I have played for several years if you have any other questions!

Sent from my PC36100 using Tapatalk

teletype is mostly right. A few clarifictions and my own thoughts follow:

#1: Yeah, it’s a lot of fun. Especially if you’re into Lord of the Rings.
#2: teletype is pretty much spot on here. To expand on it a little though - the game is EXTREMELY solo friendly. You can go 1-65 with any class, easily, no question. (Well, 1-50 if you don’t want to pay.) You won’t have “the best stuff” but you’ll do just fine. There are many places in the game where obsessive compulsive people will get stuck and try to grind, however, but that is because these people have a personality disorder, not because the game is forcing you. For example, all zones in the game have associated Deeds. Deeds are sortof like quests or accomplishments, and they give small rewards for completion - usually a title, or a point in a virtue. Virtues are ‘traits’ you can equip that give small stat bonuses to your characters. Some of the deeds in some of the zones are along the lines of “Defeat Wargs in Angmar (150)” for a title and then “Defeat Wargs in Angmar(300)” for a point of a Virtue.
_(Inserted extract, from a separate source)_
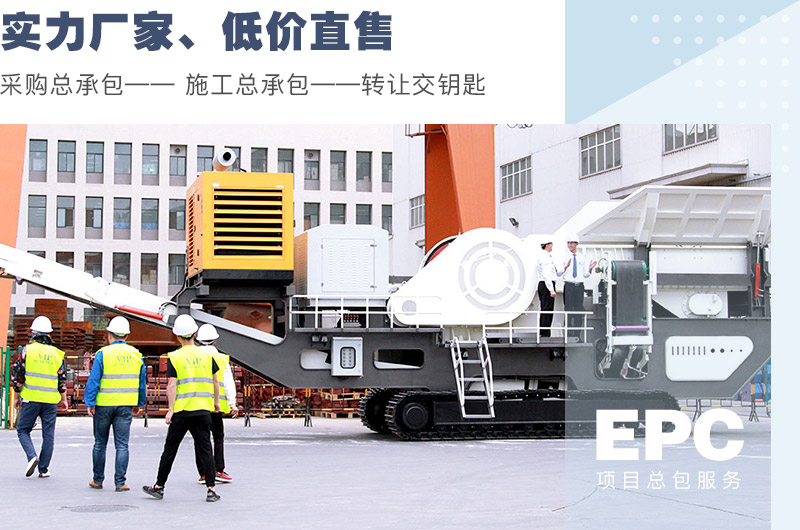 型號(hào)齊全，現(xiàn)貨立發(fā)，可定制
A sane man would not grind 300 Wargs in Angmar for 3 points of agility and 8 points of morale (The net effect of an extra point in that virtue, assuming you’re even using it.). An obsessive compulsive person might. Don’t be obsessive compulsive.

#3: The easiest classes to get groups as are the ones that have clearly defined roles that every group needs: Healers and Tanks. Healers means Minstrels, Runekeepers, and sometimes Captains, Tanks means Guardians, Wardens, and sometimes Champions (and very very sometimes Captains.) These are the classes which, if they are absent, will put the brakes on a group. (Which is not to say you can’t do group instances without these classes, but it will depend on the players and the instance.)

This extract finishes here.